Showing posts with label PST (preservice training). Show all posts
Showing posts with label PST (preservice training). Show all posts

Sunday, September 29, 2013

Homestay Songs

Here are two recordings we made of our host family singing before going to bed. This post uses HTML 5 which may not work for everyone, so I included a few download links as well. Please post a comment or e-mail me if you are having issues.

When the storms of life are raging (download):


How great thou art (download):

Wednesday, August 21, 2013

A day in the Life of a PCT

I thought all of our readers would enjoy learning about a typical day for a PCT in Tanzania (although, there really is no typical day).

5:00 am-We hear the Muslim call to prayer and Jason's alarm goes off to help start the charcoal jiko in the morning.  Our family heats water to take a morning bucket bath, which I am grateful for.  A cold bucket bath would not be pleasant.

6:00 am-Heather wakes up to take her bucket bath after Jason.  We bathe in our indoor choo, which is tiled.  There is a nice line to hang up all of your clothes and towel on while you bathe.  It is just starting to get light at this time of the morning.

6:30 am-We eat breakfast.  Breakfast here is chai with bread.  Jason and I expanded our breakfast menu by purchasing peanut butter at a local shop.  We were even more excited when we brought back jam from Lushoto!  After breakfast we finish packing our bags and brush our teeth.
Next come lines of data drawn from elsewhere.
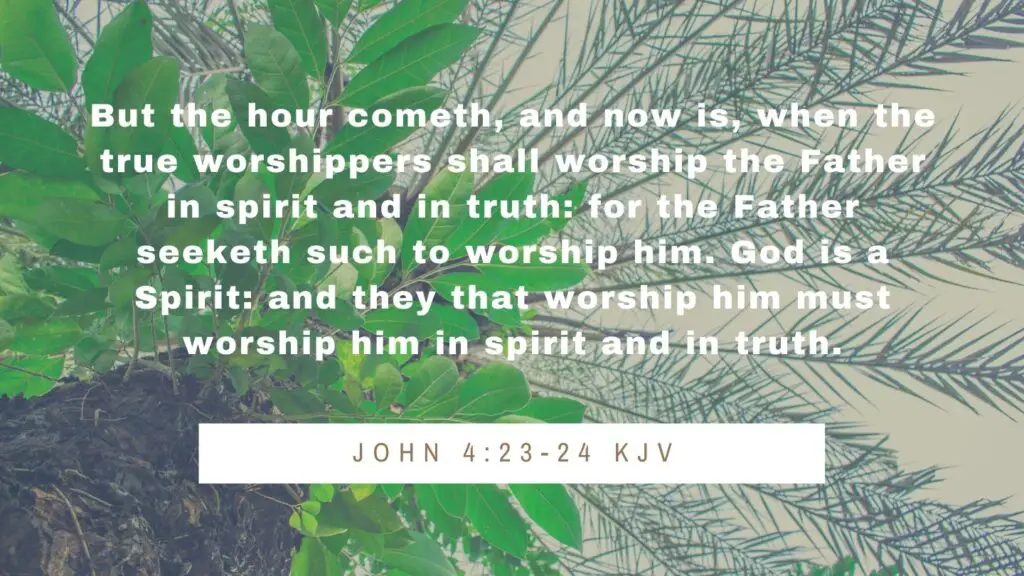 Bible verse of the Day - John 4:23-24 KJV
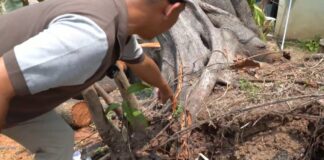Pohon Ketapang Laut Tumbang di Taman Layak Anak Cilegon, Nyaris Timpa Pengunjung Pohon Tumbang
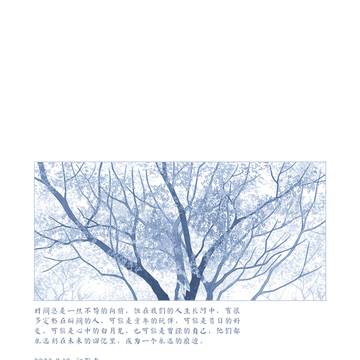 Page 13 thumbnail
7:00 am-We begin our 30 min walk to school.  Jason and I both teach 7:40 am classes most days of the week, so we need to leave early to prepare our classes.  On our walk to school we greet many neighborhood children.  They often serenade us with a chorus of "how are yous?" and "Wauzungu (meaning white person or foreigner)! "

7:30 am-10:20 am-This time can be chaotic.  Sometimes we are teaching, sometimes we are in Kiswahili class.  There are three other volunteers in our community-based training group, so more often than not someone is teaching during this time.  When we have Kiswahili class, we will often review what we learned the day before and practice our speaking skills.

10:20 am-10:55 am-Chai time!  It's the best time of the day, really!  We order what we would like for the day from a Mama who cooks at the school.  At our school, there is a row of huts lashed together with poles and grass roofs and under each one sits a different Mama who cooks.  Our Mama sits in the last hut.  Around 9:30 am one of us will go and place an order for chapati (sweet, thick crepes) and maandazi (the Tanzanian doughnut).  We take chai in the staff room with the other teachers.  We eat our bites and drink sugar with tea.  You did not read that wrong.  Tanzanians like to put a fair amount of sugar in their tea.  It is incredibly sweet.

11:00 am-1:00 pm-Teaching and Kiswahili again.  By this time we are moving into new material in our Kiswahili.  We all take lots of notes and ask many questions of our language facilitator.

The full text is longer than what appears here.